How to Change Your Web Address
There are several reasons you may need to change your website address along the life of your business. Some of these reasons could include a name change for your business, a re-branding strategy, or moving away from a hard to spell or difficult to type address and moving to a premium domain name. Either way, there are ways to change your website address without loosing any search engine rankings or traffic and it is important to make the right decisions when it comes to changing the URL as doing this wrong could hurt your business.
When changing your website address, it is important to first download your entire website and database if you have one and make a backup. Create a new hosting account for your new domain name and upload all the files to the new location which will create a situation where your site is in two places at the same time. If you are in control of your DNS (Domain Name System) settings, you will want to lower your TTLs (Time to Live) to 300 seconds, the minimum amount of time you can set your DNS records for. This will minimize propagation time between the old web name and the new one.
Make sure your new website has all its pages updated so that the new URL is used within all the source code. Go to your old website and create an “.htaccess” file if there isn’t one there already and implement a site-wide 301 redirect from all the old pages to the new domain. This is what the redirect will look like when implemented correctly.
301 Redirect All Pages to New Domain: (Keeping Old URLs)
RewriteEngine on RewriteRule ^(.*)$ http://www.newwebname.com/$1 [R=301,L]
This above “.htaccess” command tells the server to redirect all traffic to its corresponding URL at the new website, which in this example is called “newwebname.com”. A web page at “oldsite.com/subfolder/” would then be redirected to “newwebname.com/subfolder/” seamlessly. All of the old pages and file names will continue to work at the new website address.
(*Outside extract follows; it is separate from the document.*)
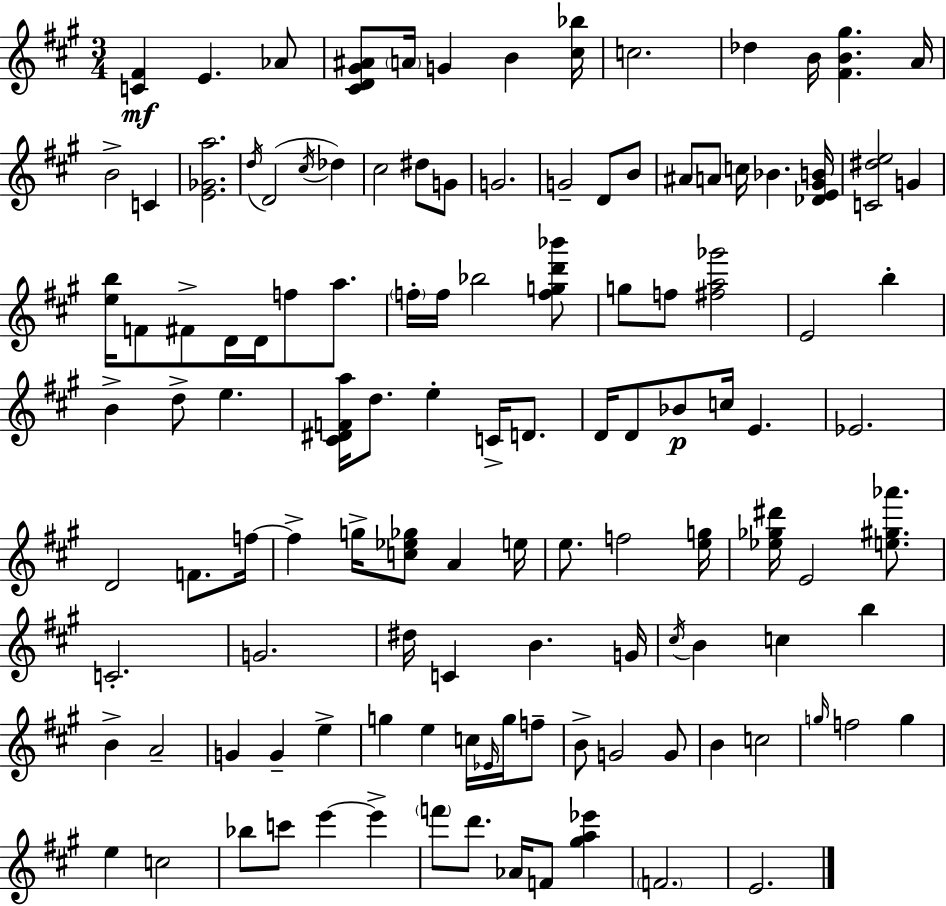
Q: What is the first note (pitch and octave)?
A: E4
The 301 reference tells search engines that this change should be considered permanent and that they should redirect all link value to the new address and discontinue checking the old site as this is a permanent change.
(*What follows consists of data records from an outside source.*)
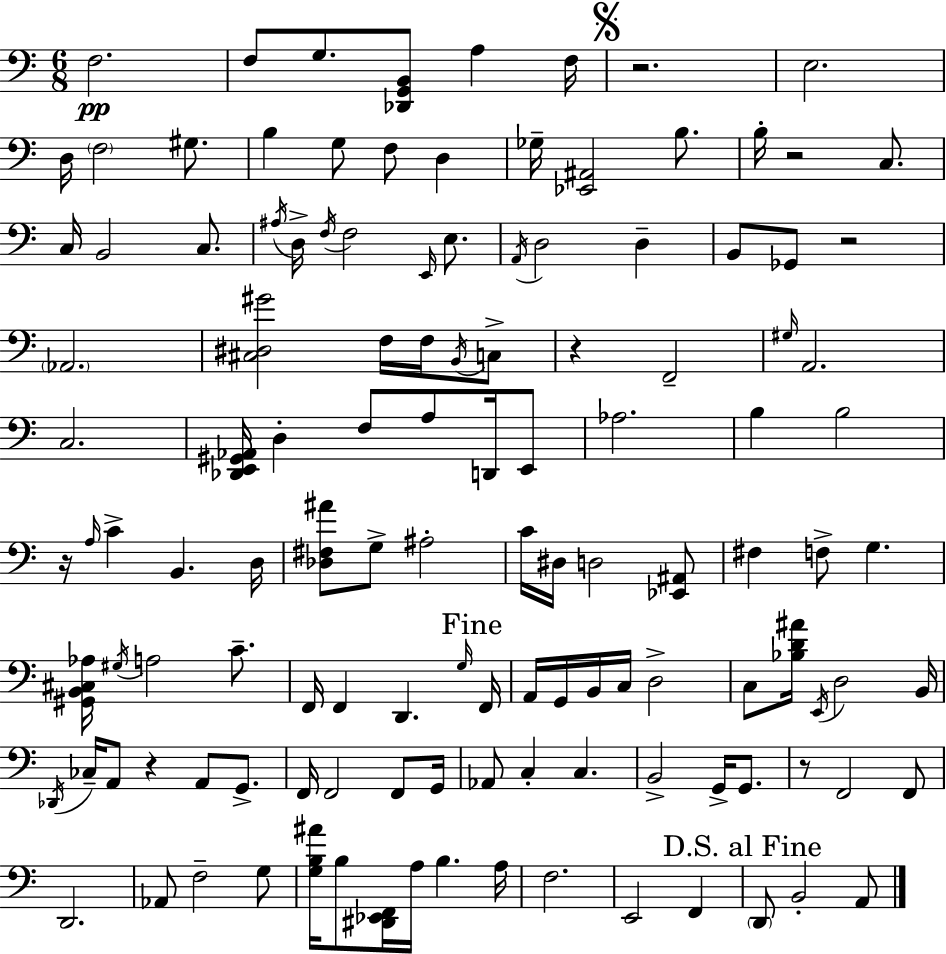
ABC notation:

X:1
T:Untitled
M:6/8
L:1/4
K:Am
F,2 F,/2 G,/2 [_D,,G,,B,,]/2 A, F,/4 z2 E,2 D,/4 F,2 ^G,/2 B, G,/2 F,/2 D, _G,/4 [_E,,^A,,]2 B,/2 B,/4 z2 C,/2 C,/4 B,,2 C,/2 ^A,/4 D,/4 F,/4 F,2 E,,/4 E,/2 A,,/4 D,2 D, B,,/2 _G,,/2 z2 _A,,2 [^C,^D,^G]2 F,/4 F,/4 B,,/4 C,/2 z F,,2 ^G,/4 A,,2 C,2 [_D,,E,,^G,,_A,,]/4 D, F,/2 A,/2 D,,/4 E,,/2 _A,2 B, B,2 z/4 A,/4 C B,, D,/4 [_D,^F,^A]/2 G,/2 ^A,2 C/4 ^D,/4 D,2 [_E,,^A,,]/2 ^F, F,/2 G, [^G,,B,,^C,_A,]/4 ^G,/4 A,2 C/2 F,,/4 F,, D,, G,/4 F,,/4 A,,/4 G,,/4 B,,/4 C,/4 D,2 C,/2 [_B,D^A]/4 E,,/4 D,2 B,,/4 _D,,/4 _C,/4 A,,/2 z A,,/2 G,,/2 F,,/4 F,,2 F,,/2 G,,/4 _A,,/2 C, C, B,,2 G,,/4 G,,/2 z/2 F,,2 F,,/2 D,,2 _A,,/2 F,2 G,/2 [G,B,^A]/4 B,/2 [^D,,_E,,F,,]/4 A,/4 B, A,/4 F,2 E,,2 F,, D,,/2 B,,2 A,,/2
If you wanted to redirect all traffic to a new website but you do not want to keep all the same pages and want to redirect all traffic to the new website homepage, you would use this redirect below.
301 Redirect All Pages to New Domain: (Homepage Only)
Options +FollowSymLinks RewriteEngine on RewriteRule (.*) https://www.newwebname.com [R=301,L]
This above “.htaccess” command tells the server to redirect all traffic to the exact URL at the new website and to disregard what page is sending the traffic and not try and match up the old page to the new page at the new website. In this example, “oldsite.com/subfolder/” would be redirected to “newwebname.com”. The 301 reference tells search engines that this change should be considered permanent and that they should redirect all link value to the new address and discontinue checking the old site as this is a permanent change.